Originally designed for the grounds and homes of European nobility, orangeries were built to aid in the cultivation of – you guessed it – oranges and other exotic fruits in the 17th to 19th century. Often including some sort of heating system (usually a stove) and rudimentary insulation, these structures helped the wealthy enjoy what were (at the time) rare and unusual fruits.
They were made possible thanks to technological advancements in glassmaking which, combined with the exotic plants and fruits that were able to be grown inside them, made them a highly prized object for the rich and noteworthy of the day.
To suggest that novelty and vanity alone were the primary drivers for orangery popularity would be disingenuous. In fact, the real reason behind their ballooning popularity over the period was the end of the 80 years war.
Phillip II, the Hapsburg King of Spain and though marriage sovereign of the Hapsburg Netherlands, had for a number of years levied taxes on and restricted trade between his Dutch subjects and the Americas.

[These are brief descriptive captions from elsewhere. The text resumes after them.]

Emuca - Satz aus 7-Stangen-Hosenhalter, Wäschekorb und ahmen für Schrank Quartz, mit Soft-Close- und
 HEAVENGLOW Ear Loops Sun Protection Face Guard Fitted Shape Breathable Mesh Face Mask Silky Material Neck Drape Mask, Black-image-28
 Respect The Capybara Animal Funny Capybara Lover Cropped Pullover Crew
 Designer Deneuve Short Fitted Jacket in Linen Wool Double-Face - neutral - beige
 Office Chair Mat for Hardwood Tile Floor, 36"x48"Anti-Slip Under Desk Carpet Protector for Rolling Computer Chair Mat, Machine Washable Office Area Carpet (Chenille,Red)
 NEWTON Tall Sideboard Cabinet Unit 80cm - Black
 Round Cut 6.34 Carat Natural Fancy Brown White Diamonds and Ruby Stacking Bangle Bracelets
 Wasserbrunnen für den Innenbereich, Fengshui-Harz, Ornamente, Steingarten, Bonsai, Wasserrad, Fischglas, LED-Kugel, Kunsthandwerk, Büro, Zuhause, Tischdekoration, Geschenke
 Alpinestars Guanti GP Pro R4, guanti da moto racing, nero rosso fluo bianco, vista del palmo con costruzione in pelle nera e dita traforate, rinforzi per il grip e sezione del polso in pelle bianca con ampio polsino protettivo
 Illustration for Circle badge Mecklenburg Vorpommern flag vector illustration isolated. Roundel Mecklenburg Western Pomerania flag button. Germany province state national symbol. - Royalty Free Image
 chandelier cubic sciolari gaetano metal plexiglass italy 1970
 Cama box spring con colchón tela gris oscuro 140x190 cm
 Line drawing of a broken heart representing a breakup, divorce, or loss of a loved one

With the independence of the Dutch Republic and lifting of said embargoes, the Netherlands entered a new age of prosperity, and the exotic fruits and plants of the Americas were much cheaper. This led to, amongst other things a boom in construction of orangeries, not just in the Low Countries but all over the region, with a number being built in Germany, France, Britain and the Holy Roman Empire, built by the gentry and filled by the newly emancipated merchant classes.
Today, orangeries are back in fashion for their style, versatility and comfort.